Forum Overview :: Peter Molyneux's The Movies
 
The Best Movie of Every Year by Brody Wilder Yesterday, 8:42pm PDT
Since COVID hit, I've managed to watch over 3700 films released between 1928 and 1967. Now I'd like to share the very best of them with you, the sole remaining Caltrops reader. Think of it as a crash course in Old Hollywood. But first, here are some ground rules (I'm not fucking around with this):

Talkies ONLY
There are some good silent films, but ain't nobody watching those. Bringing them up here would be a waste of both of our time.

English ONLY
I don't care where you're from - Canada, the United States, Great Britain or miscellaneous - we can all agree that only English counts as a language.

Feature Length
I didn't watch no 3700 Looney Tunes. Well, not recently. We can talk about those in the comments.

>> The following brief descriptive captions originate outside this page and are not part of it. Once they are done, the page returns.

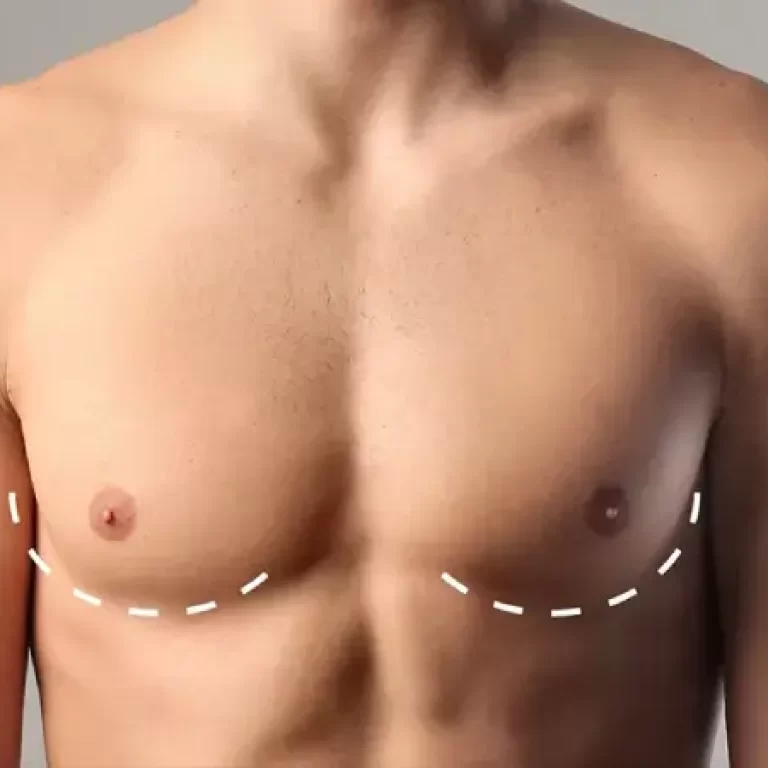 أسباب التثدي عند الرجال وعلاجه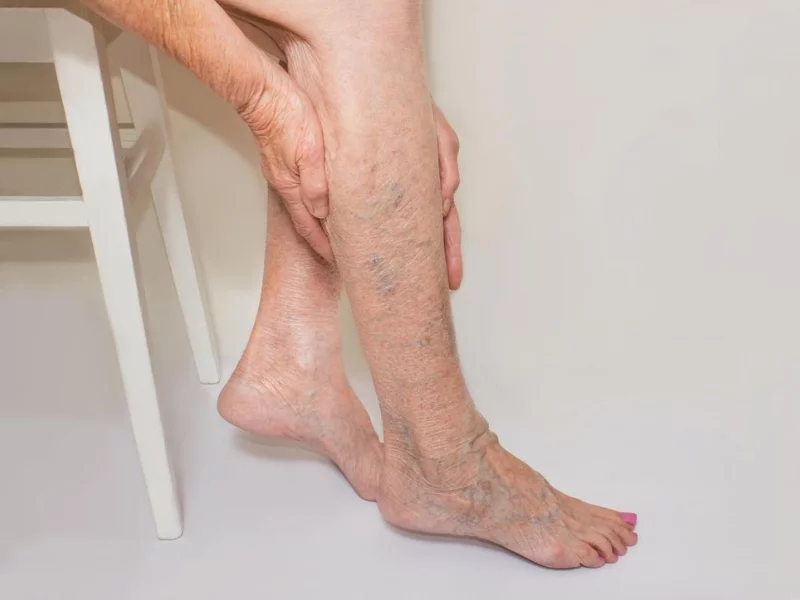 Can varicose veins reoccur after treatment?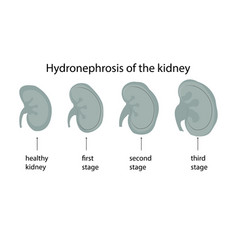 Renal Hydronephrosis Is A Progressivestages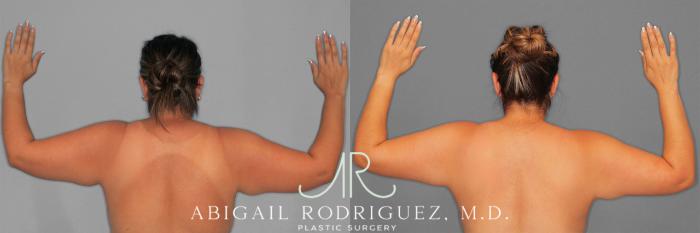 Before & After Arm Liposuction Case 258577 View 1 View in Houston, TX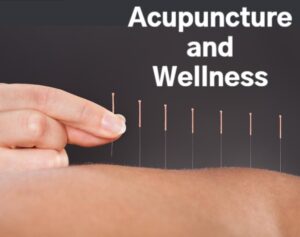 Acupuncture & Wellness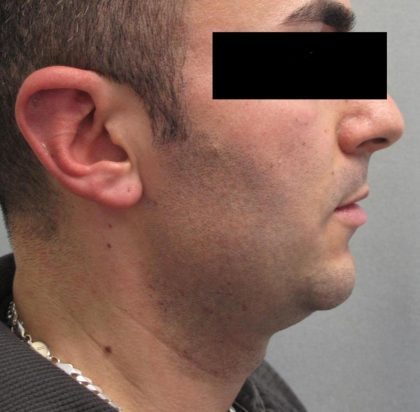 Fractional CO2 Laser Before & After Patient #2646
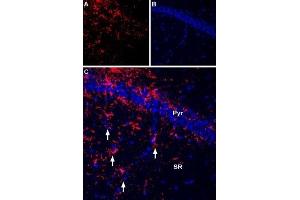 Expression of P2RX7 in rat hippocampus - Immunohistochemical staining of rat hippocampus frozen section using Anti-P2X7 Receptor-ATTO Fluor-550 Antibody (ABIN7043577), (1:60). (P2RX7 anticorps  (C-Term, Intracellular) (Atto 550))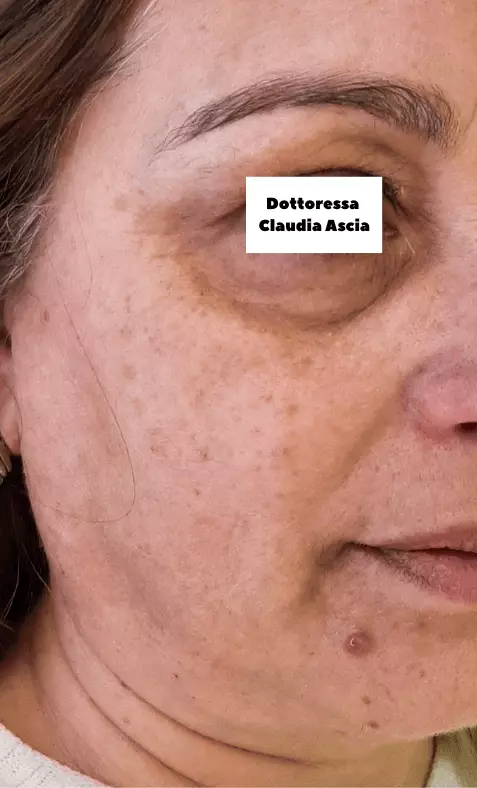 Risultato dopo il trattamento di radiofrequenza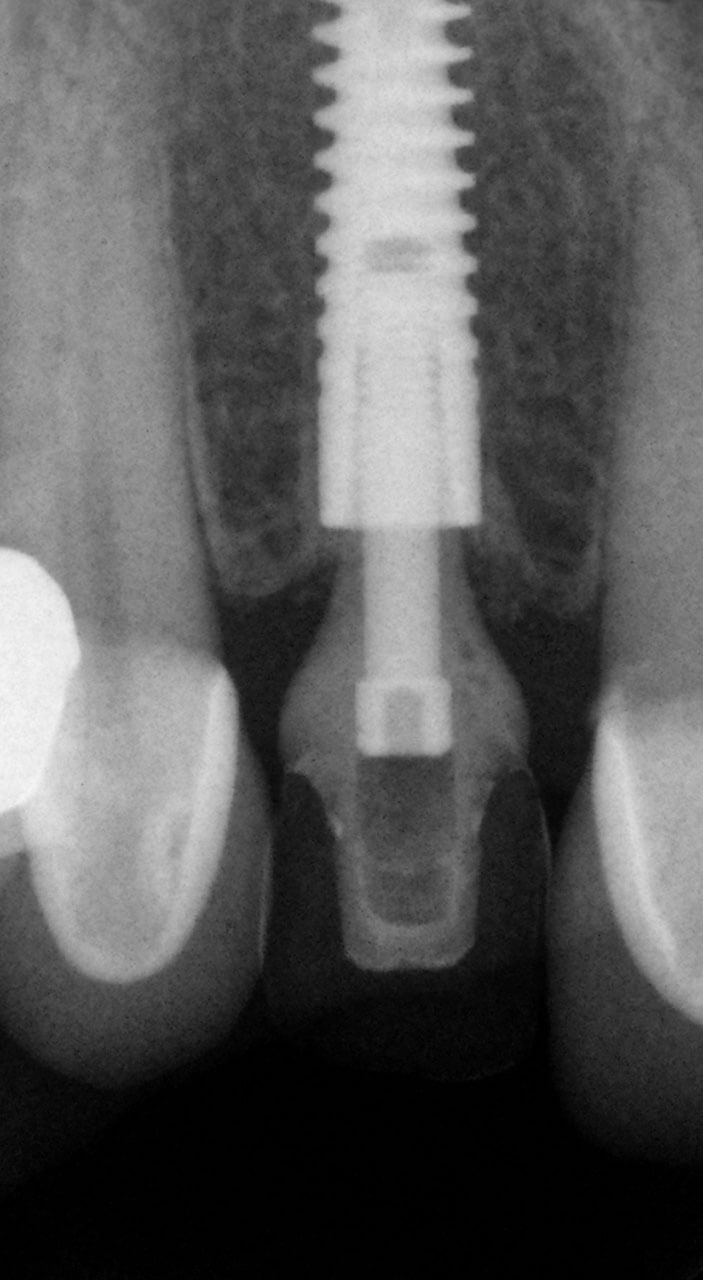 Abb. 9 Der Röntgenzahnfilm 5 Monate nach Sofortimplantation zeigt keine ossären Auffälligkeiten und Knochenablagerungen auf der Implantatschulter.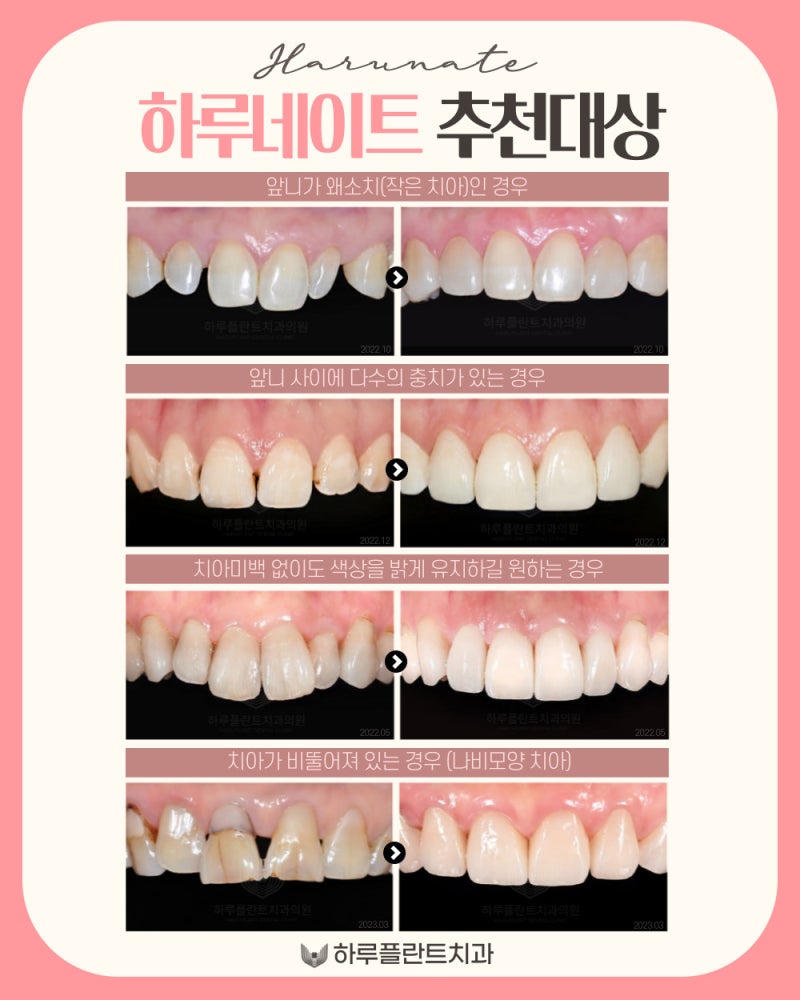 강남역 하루플란트치과 당일 완성 라미네이트 사진 7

Speaking of comments, DO NOT REPLY DIRECTLY TO THIS POST.
I plan to make a little sub-comment for each year, starting with 1930. You can reply to that. If I catch you replying to this I will drive to your house and shoot you with the gun that I keep in my car. Don't test me.

Why am I starting with 1930?
This is more a clarification than a rule, but I'll allow it. The truth is that almost every talkie I've sen from the '20s (the other '20s) sucks dick. It's not their fault, it took people a while to get sound recording figured out. Not only did they not yet have the ability to dub audio over video shot seperately, they didn't even have boom mics! And motion picture cameras at the time were so loud they had to be encased in largely immobile soundproof booths. So what you mostly got was a static shot of people sitting around a drawing room, taking turns speaking into a teapot. On top of that, silent films rarely used a full script, meaning Hollywood hadn't developed much of a pipeline to produce their own. This caused studios to turn to plays - goddamn stage plays - and atrocious warbly high-pitched Broadway musicals for content. Not worth it.

Is there a single good talkie from the 1920s?
Yes! The Marx Brothers produced a film adaptation of their first narrative stage show, The Cocoanuts, in 1929. It's pretty great if you can put up with the scratchy audio. More anarchic and just plain funnier than their censored post-code stuff. Let's call that Best Movie #0.